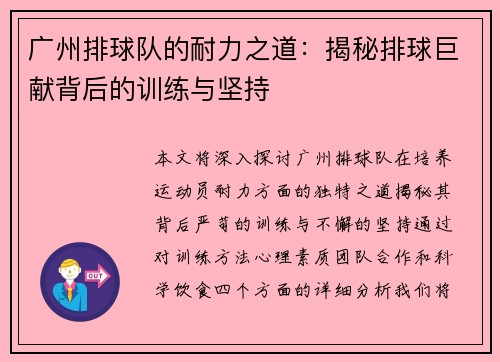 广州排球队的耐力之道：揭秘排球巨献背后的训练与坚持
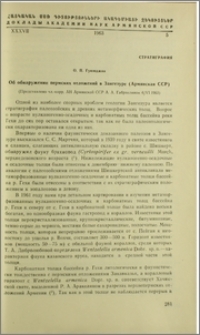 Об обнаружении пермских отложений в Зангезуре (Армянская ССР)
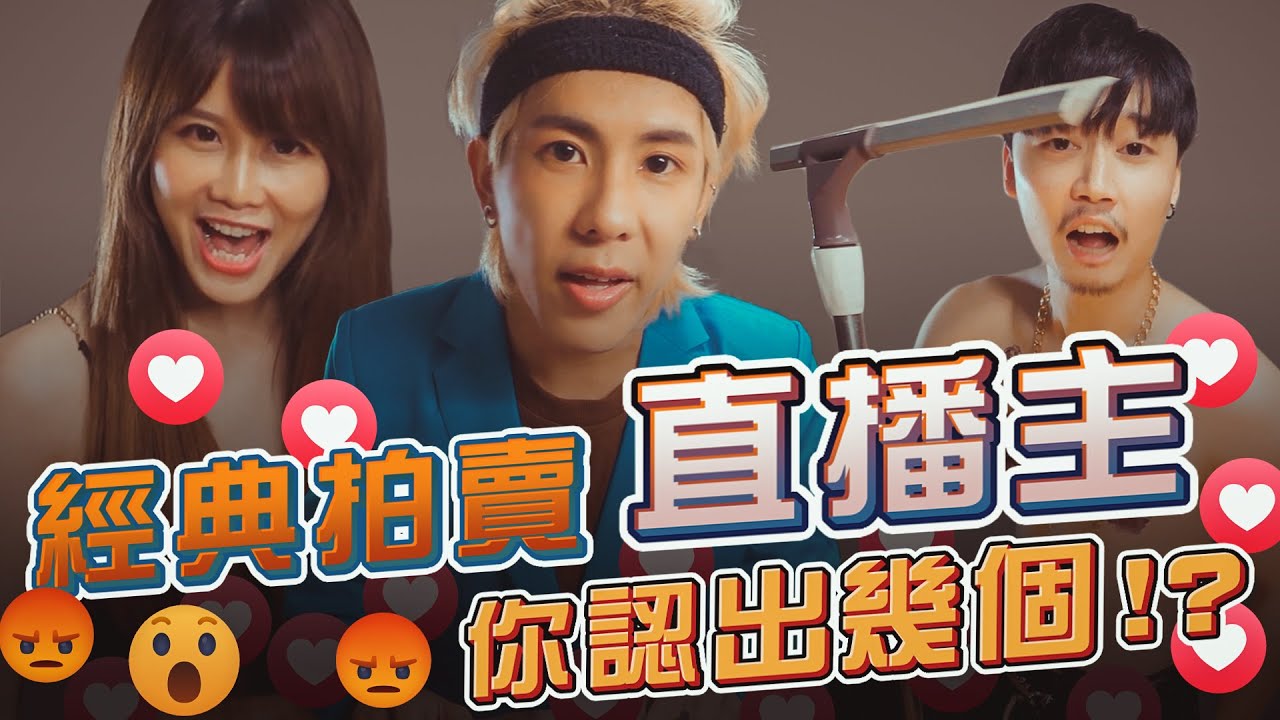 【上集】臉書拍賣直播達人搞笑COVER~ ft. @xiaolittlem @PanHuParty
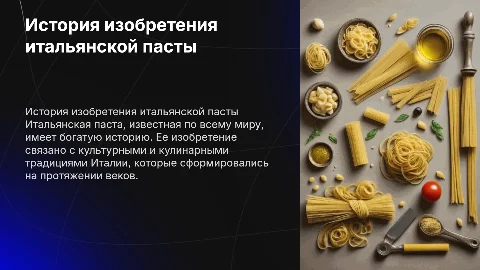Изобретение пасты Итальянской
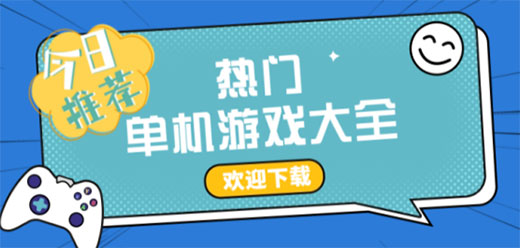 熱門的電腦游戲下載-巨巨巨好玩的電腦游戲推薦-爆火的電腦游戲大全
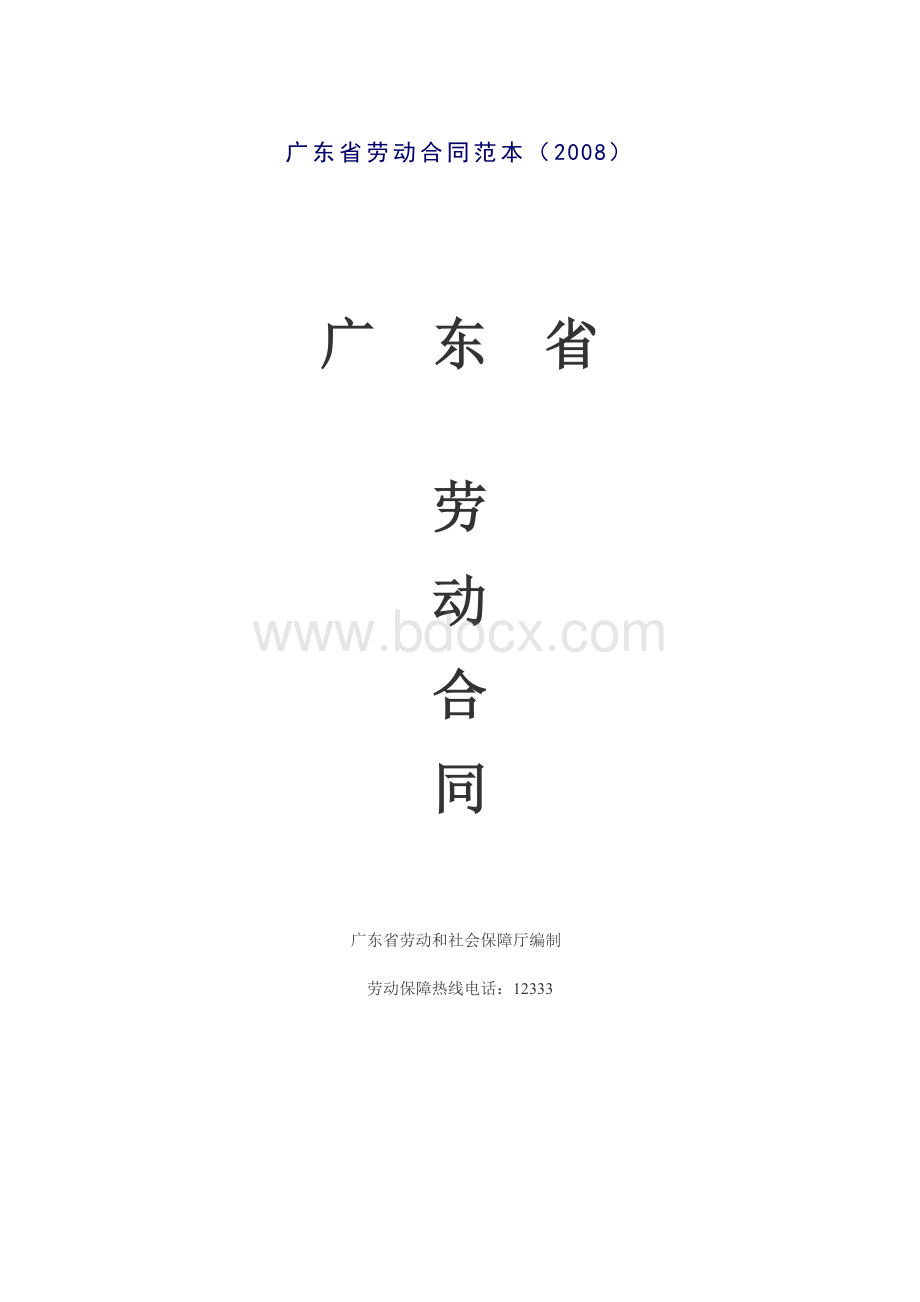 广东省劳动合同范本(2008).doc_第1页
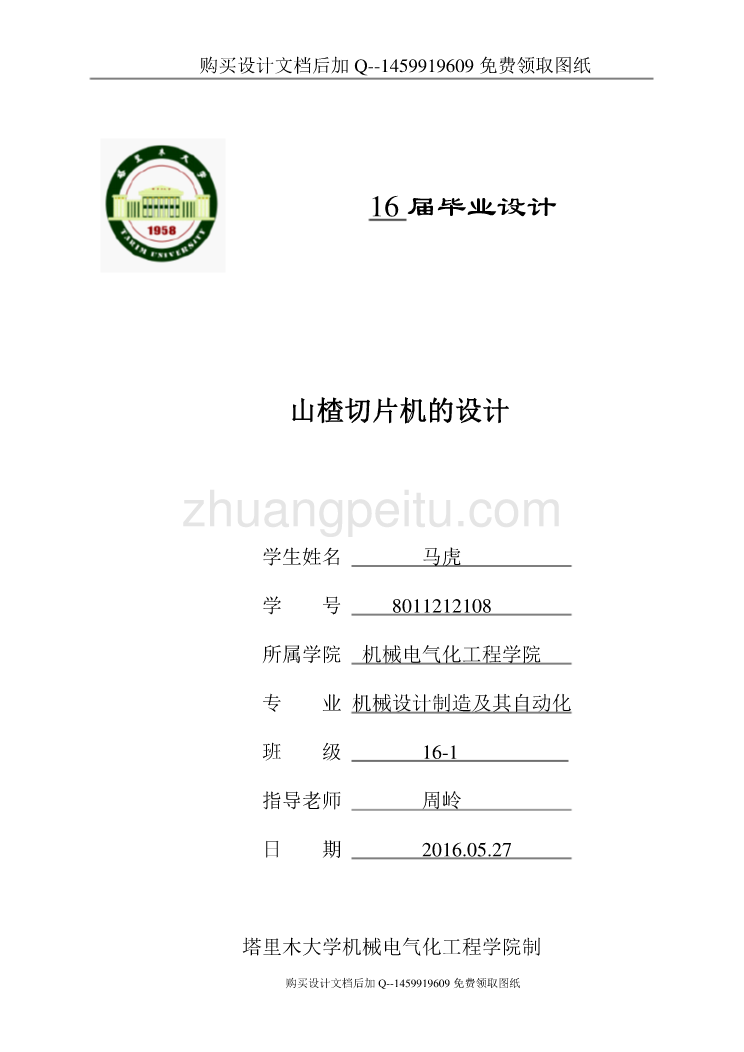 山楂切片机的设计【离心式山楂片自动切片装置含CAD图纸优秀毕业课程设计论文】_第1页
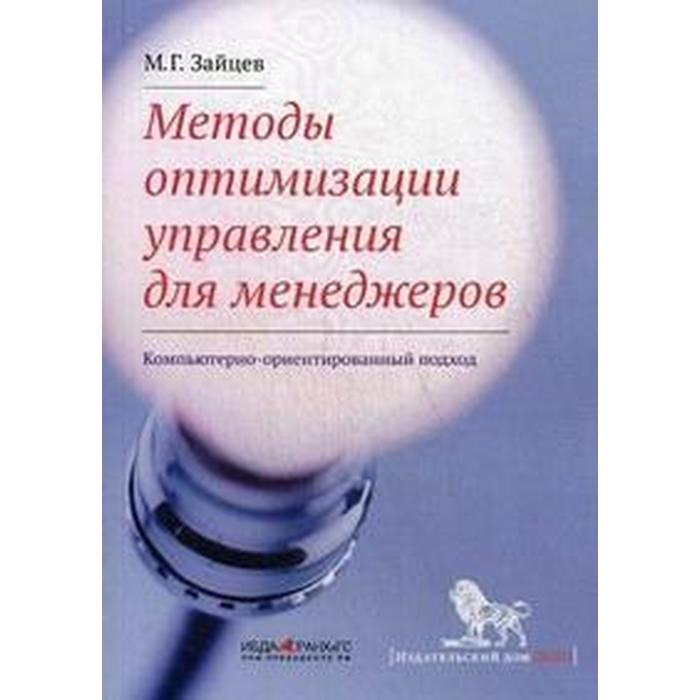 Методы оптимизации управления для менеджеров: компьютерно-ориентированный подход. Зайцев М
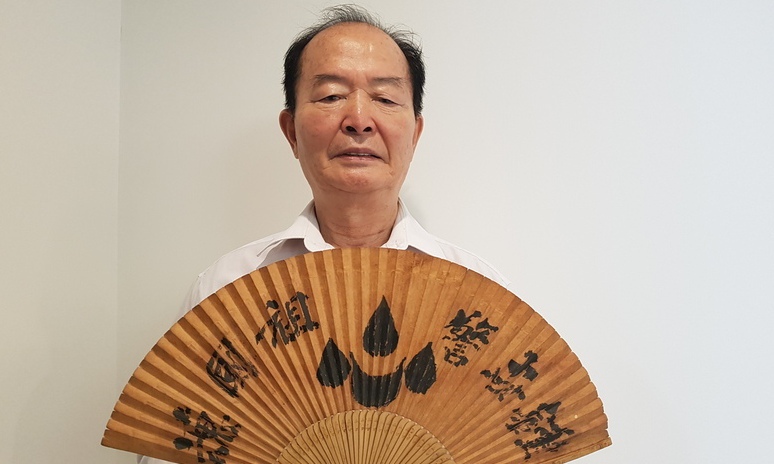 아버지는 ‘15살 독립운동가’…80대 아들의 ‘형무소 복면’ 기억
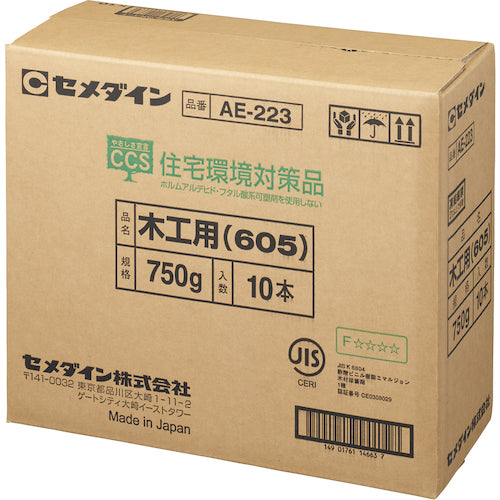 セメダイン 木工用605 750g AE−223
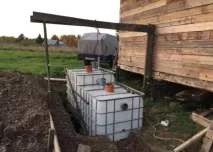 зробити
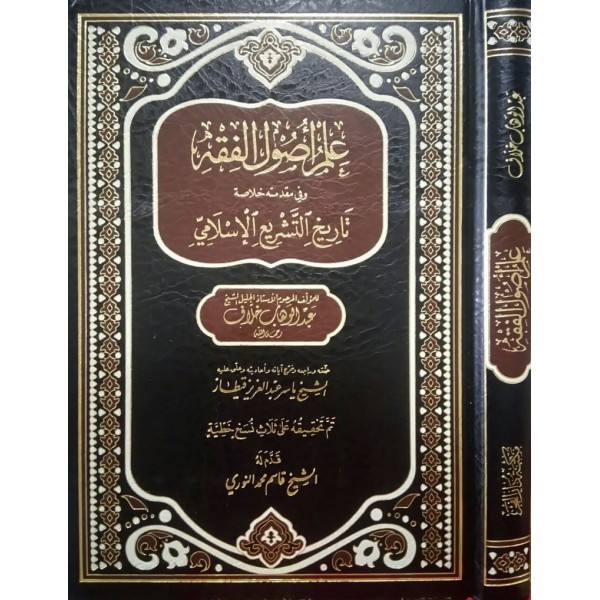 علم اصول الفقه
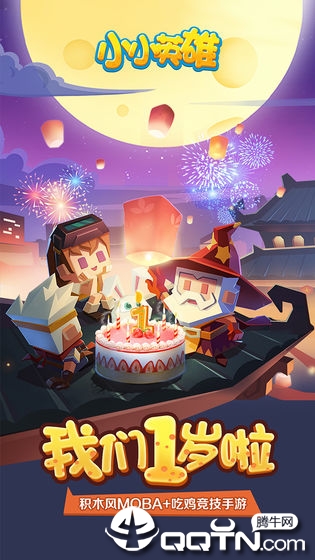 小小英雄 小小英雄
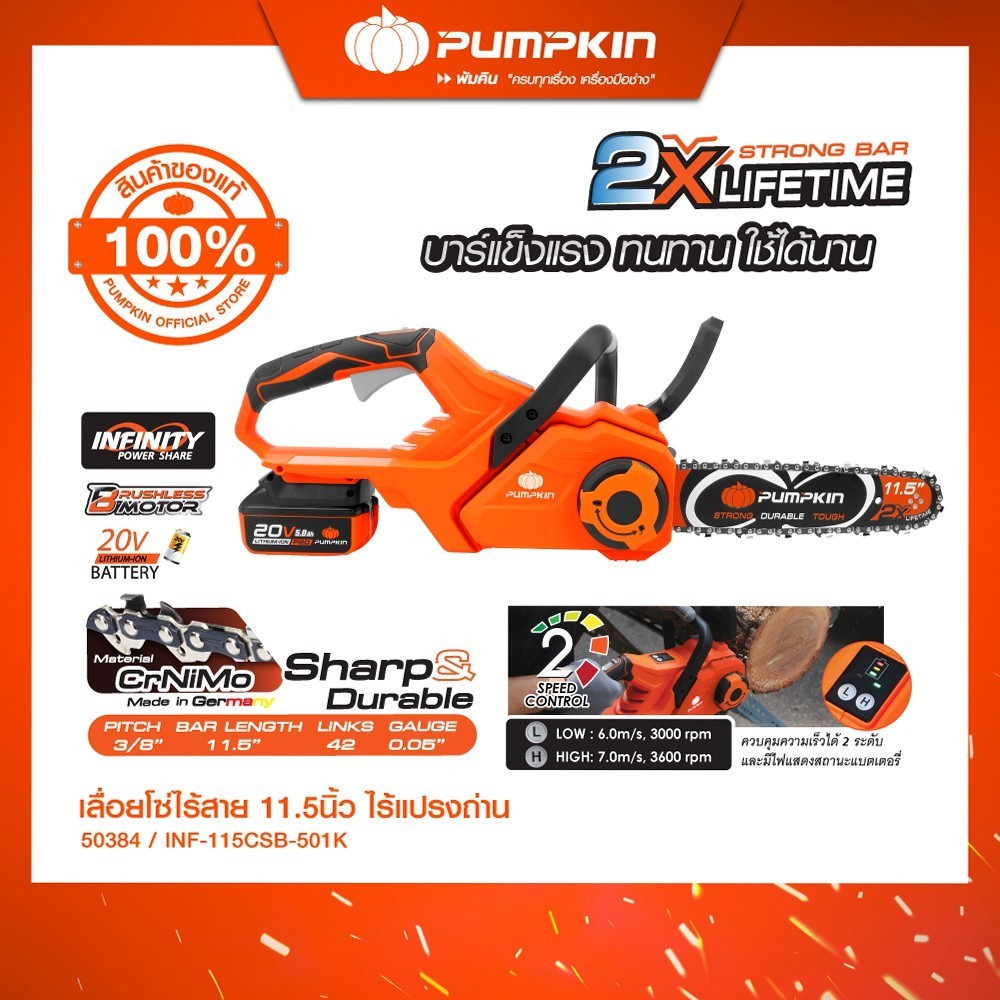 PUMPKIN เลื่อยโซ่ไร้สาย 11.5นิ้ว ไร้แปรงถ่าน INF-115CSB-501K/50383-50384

——

◆ WORK REQUIRED: Only the lines from the top of the material above down to the line bearing "广东省劳动合同范本(2008).doc_第1页", that line included, should be set down exactly; no pictures.

◆ TASK ANSWER:
 广州排球队的耐力之道：揭秘排球巨献背后的训练与坚持
 Об обнаружении пермских отложений в Зангезуре (Армянская ССР)
 【上集】臉書拍賣直播達人搞笑COVER~ ft. @xiaolittlem @PanHuParty
Изобретение пасты Итальянской
 熱門的電腦游戲下載-巨巨巨好玩的電腦游戲推薦-爆火的電腦游戲大全
 广东省劳动合同范本(2008).doc_第1页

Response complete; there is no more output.